22 Ohio Law. Abs. 657 | Ohio Ct. App. | 1936
OPINION
This cause is an appeal on questions of jaw. A motion to strike the bill of exceptions from the files has been filed by appellee, upon the ground that said bill of exceptions was not filed in the trial court within the time prescribed by law, and a judgment of affirmance is also sought. The record discloses the following:
January 31, 1936. Verdict for defendant.
February 3, 1936. Motion for a new trial filed.
February 17, 1936. Motion for a new trial overruled and judgment for defendant entered.
February 28, 1936. Notice of intention to appeal on questions of law filed.
April 16, 1936. Bill of exceptions filed in Court of Common Pleas.
May 1, 1936. Bill of exceptions filed in Court of Appeals.
It is claimed by appellant that, the filing of the notice of appeal being made by statute the only jurisdictional requisite in the perfection of an appeal, this court, in its discretion, may permit the bill of exceptions to be filed in the trial court after the 40-day period prescribed by §11564, GC.
It will be observed that the contents of §11564, GC, have not been changed by the new appellate act in respect to the time within which the bill of exceptions must be filed in the trial court, and with the exception of the added provisions with reference to appeals on questions of law and fact, the section is substantially the same as it was before the new appellate act became effective.
Under the old statute governing the filing of bills of exceptions in error proceedings, the Supreme Court, in Pace v Volk, 85 Oh St 413, said:
“1. Proceedings in error being statutory, the requirement of §11564, GC, that the party excepting must reduce his excepti ns to writing, and file them in the cause, not later than forty days after the overruling of the motion for a new trial’ is mandatory * *
It was the settled law of this state, under the old statutes governing error proceedings, that failure to file the bill of exceptions in the trial court within the time limited by law, deprived the reviewing court of the right to examine the contents of the bill of exceptions.
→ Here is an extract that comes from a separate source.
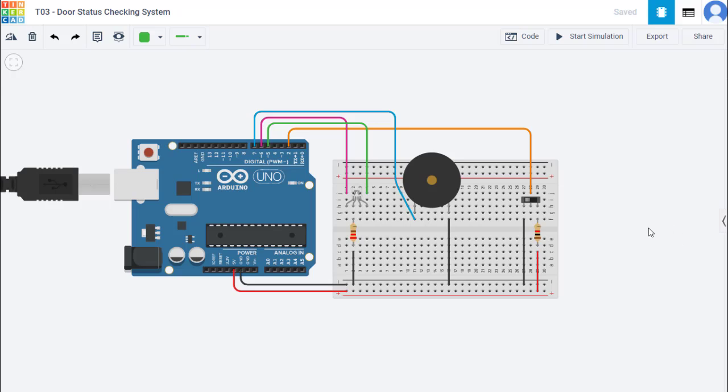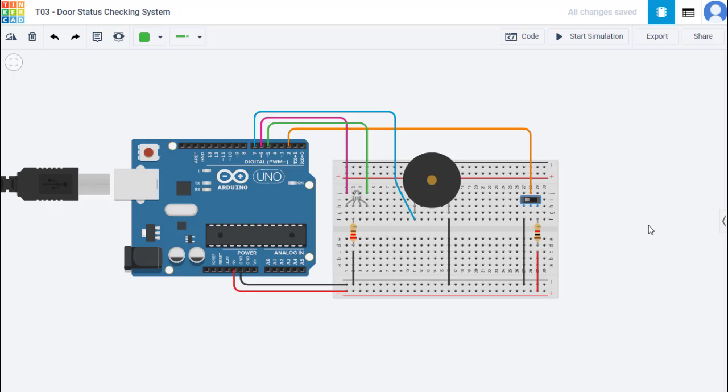The reed switch is attached to the door frame and the magnet is attached to the door. When the door is closed, the magnet is connected with the switch, and when it opens, the switch loses connectivity with the magnet. Unfortunately, this module is not available in TinkerCAD, so I use the slide switch to represent the reed switch.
The re-enactment of §11564, GC, as amended, has not, in our judgment, relieved the appellant from the duty of filing his bill of exceptions in the trial court within the time required by law. The very re-enactment of that section contemporaneously with the passage of the new appellate act would seem to militate against such a conclusion, and there is nothing contained in said section as it now exists which indicates an intention on the part of the legislature to change the settled rule with reference thereto.
Counsel for appellant having stated in open court that only through the medium of the bill of exceptions could he demonstrate to the court the errors of which he complains, and that, without said bill, no errors appear of record, no alternative is left to this court but to affirm the judgment of the trial court, and it is accordingly ordered that said judgment be affirmed.